▶ _Description of the task_: Copy nothing but the text: reproduce each line of the listing exactly and leave the pictures out.

▶ _Supplied material_:
/---

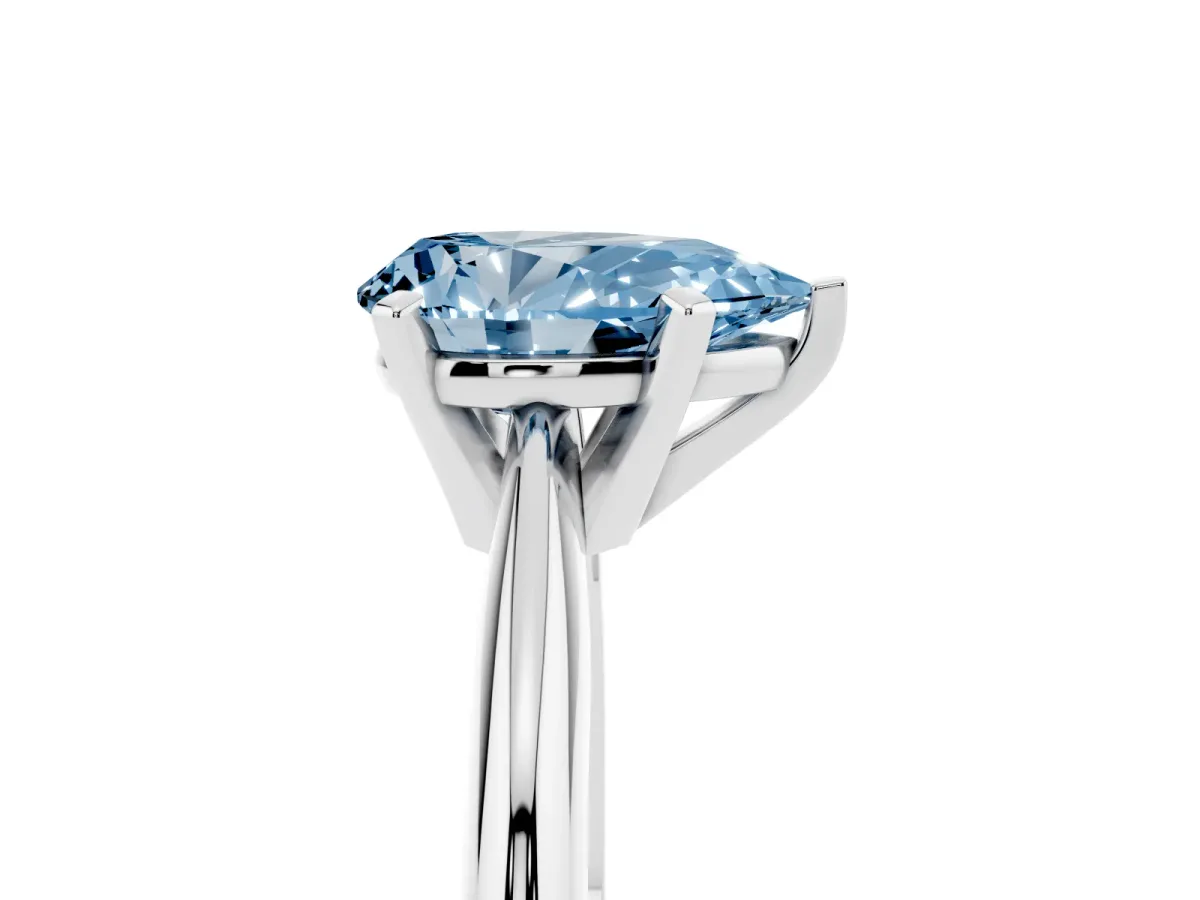 Fancy Blue Pear Cut Cut Solitaire Ring with Four-Prong Setting on a Classic Band Silver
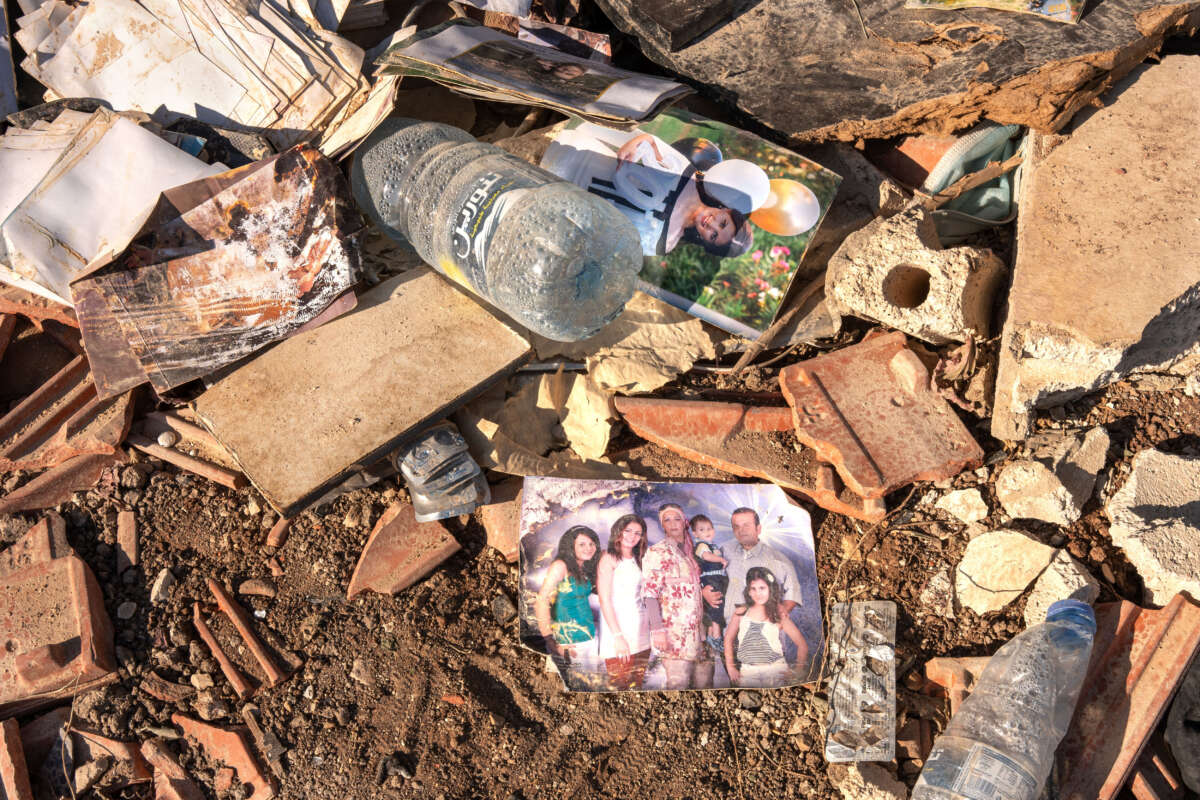 A picture of a family lies in the rubble of a building destroyed by Israeli missiles in the town of Saida, Lebanon, where 45 people were killed and 70 others wounded.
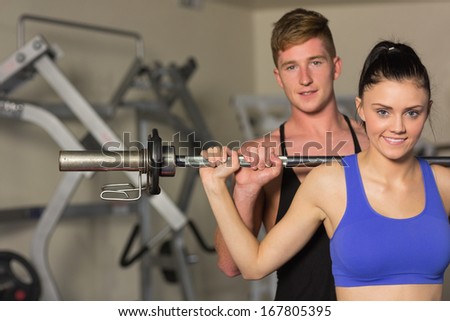 Portrait of a young male trainer helping young fit woman to lift the barbell in the gym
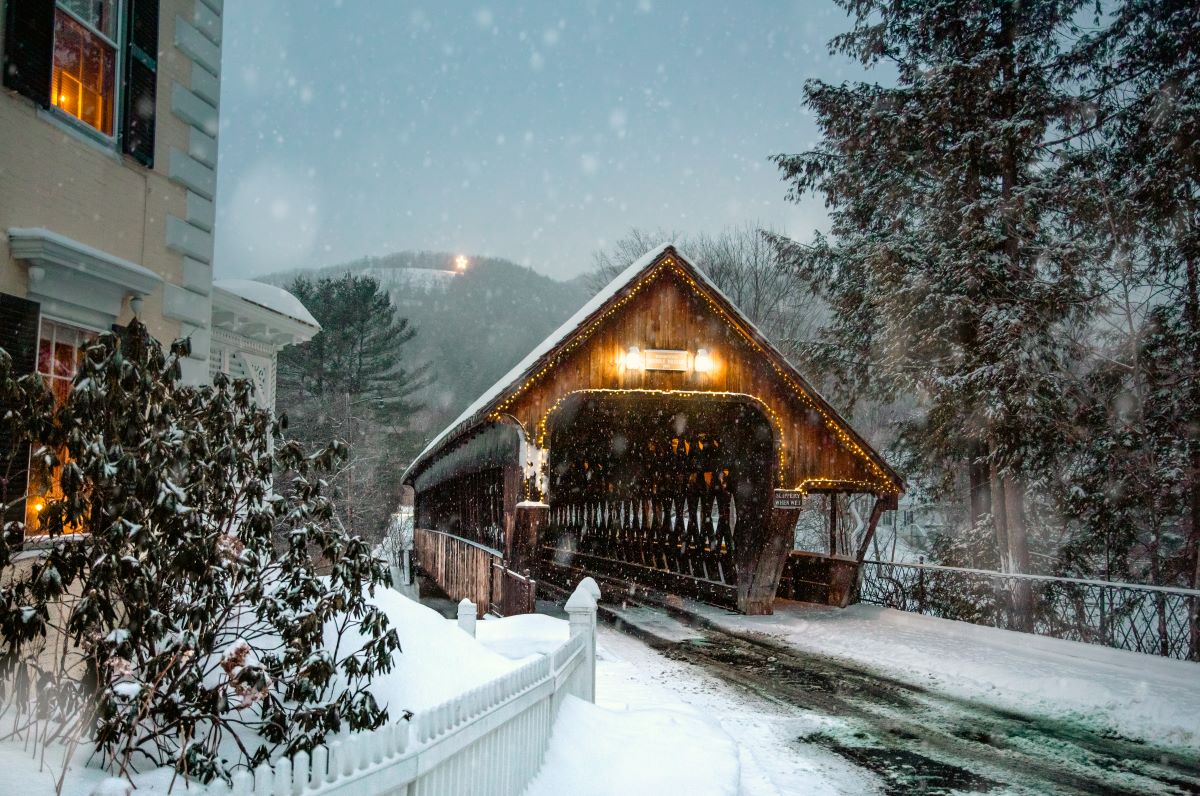 a covered bridge with lights on it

\---

▶ _Your solution_:
 Fancy Blue Pear Cut Cut Solitaire Ring with Four-Prong Setting on a Classic Band Silver
 A picture of a family lies in the rubble of a building destroyed by Israeli missiles in the town of Saida, Lebanon, where 45 people were killed and 70 others wounded.
 Portrait of a young male trainer helping young fit woman to lift the barbell in the gym
 a covered bridge with lights on it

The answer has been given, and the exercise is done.